Frank soon followed the three and Hockley did the same. The bully presently ranged up beside the smaller youth.
“Just you wait, I’ll get square yet,” he said, in a low tone.
“I’m not afraid of you,” retorted Frank, who was satisfied that he had fully “kept up his end of the log,” as the saying is.
“The next time we come to blows I’ll not be so easy on you,” went on Hockley. He was very angry to think that the smaller boy had not been afraid of him.
“Perhaps I won’t be so easy either, Hockley,” was Frank’s answer, and then he ran on, to aid the others in getting Mark to the mule path.
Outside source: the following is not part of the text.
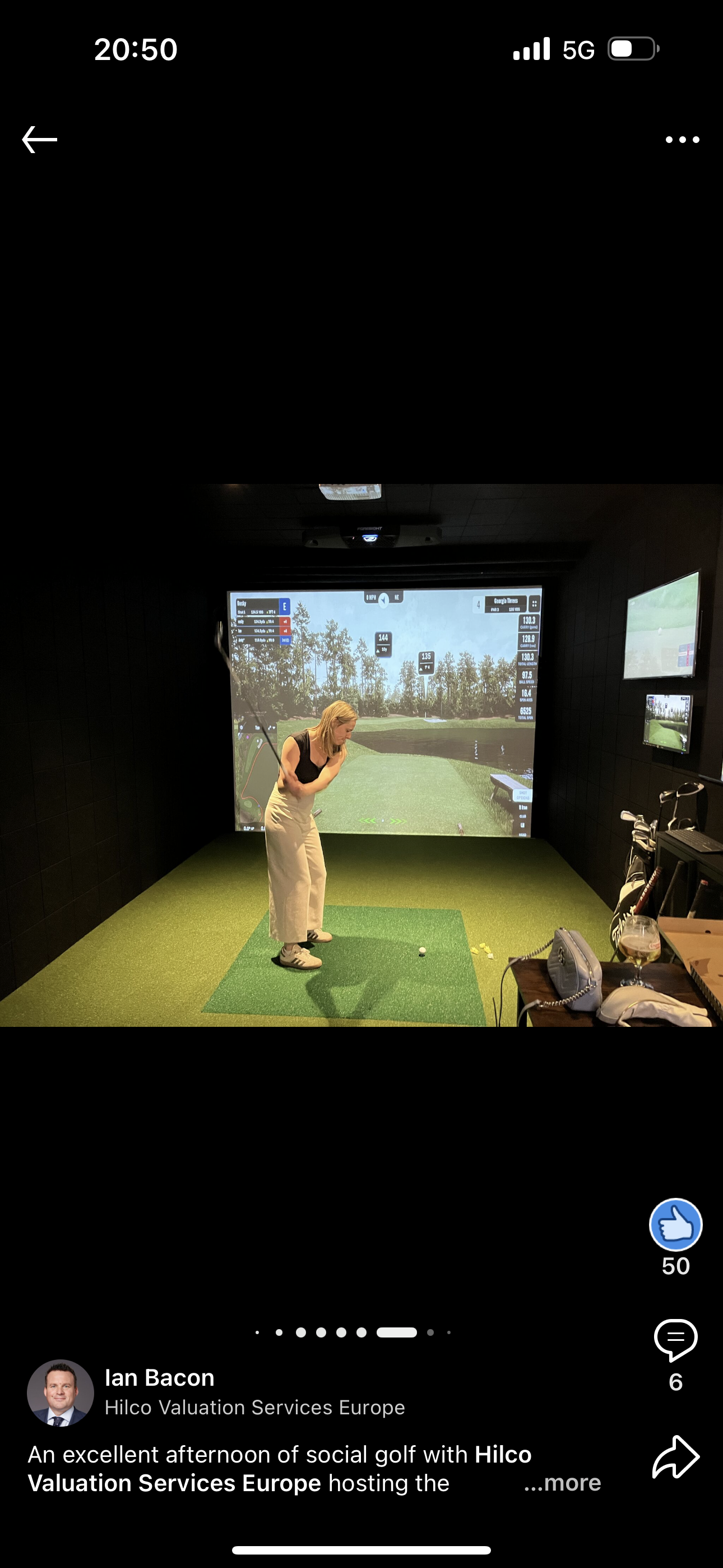 A person in a golf simulator wearing light-colored clothing prepares to swing a club. They are inside a dark room with a green hitting surface.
Down on the path they found the native, a little, dried-up old Venezuelan, who had seven mules in his charge. The patient little beasts were scarcely higher than Darry’s shoulder. Four had been unloaded but the others stood in the road with loads of sugarcane cuttings so large that only their eyes and noses could be seen.
“Gracious what loads!” murmured Darry, as he gazed at the mules.
“These mules will carry about all you can put on them,” said the professor, with a smile. “I have seen one mule carrying three men, and trotting along at that.”
The mules to be used by our friends were soon ready, and then Mark was placed on the back of the one the native said was the best. Presently all were “aboard,” as Darry expressed it, and the native led the procession in the direction of Caracas.
They could already see the outskirts of the city, which is located on the southern slope of the La Silla Mountain. To every side were mountain peaks, with here and there a small valley with streams of water of more or less importance. On the sides of the mule path were plantains and palms, and further out the sugar and coffee plantations, with their queer little huts and houses of pink, blue, and white.